Le mouvement de 2003 bat en brèche la prétendue séparation entre, d’une part, les « créatifs » des nouvelles professions libérales, et, d’autre part, « les pauvres », les « petits », les « précaires » du nouveau marché du travail. La Coordination des intermittents et précaires d’Île-de-France adresse, jusque dans son nom, un démenti à la prétendue incompatibilité entre « critique artiste » et « critique sociale ». Les coordinations tiennent ensemble l’artiste et l’intérimaire, l’artiste et le précaire, l’artiste et le chômeur, l’artiste et le RMIste. Et il ne s’agit certainement pas là d’une vague solidarité politique.

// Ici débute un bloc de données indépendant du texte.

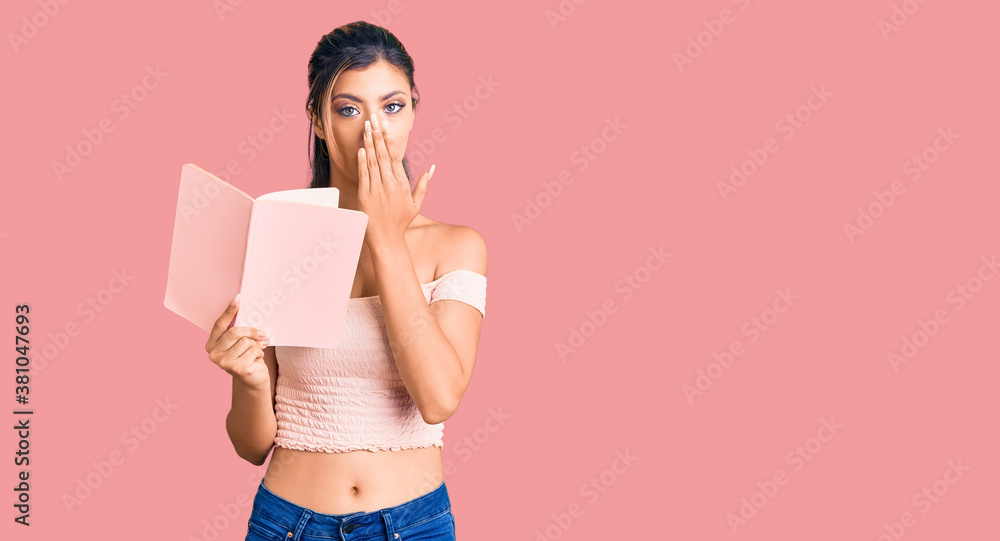 Naklejka premium Young beautiful woman holding book covering mouth with hand, shocked and afraid for mistake. surprised expression
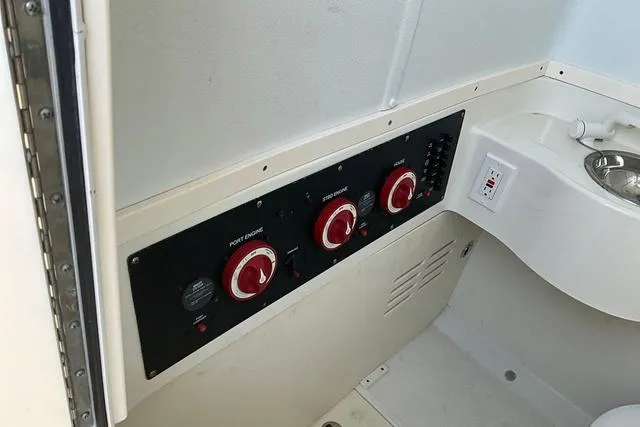 Slide: The Image of Control panel and sink area on a 2016 Hydra-Sports 3400 CC boat. - 19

Les artistes et les techniciens du spectacle ont fait eux-mêmes un constat que les sociologues ont visiblement du mal à produire par leurs propres moyens : les précaires, les nouveaux pauvres, les chômeurs, les RMIstes ne s’opposent pas aux artistes et aux techniciens, puisque la majorité des artistes et techniciens vivent ou vivront dans un état de précarité, passant souvent par le chômage, le RMI, les aides sociales.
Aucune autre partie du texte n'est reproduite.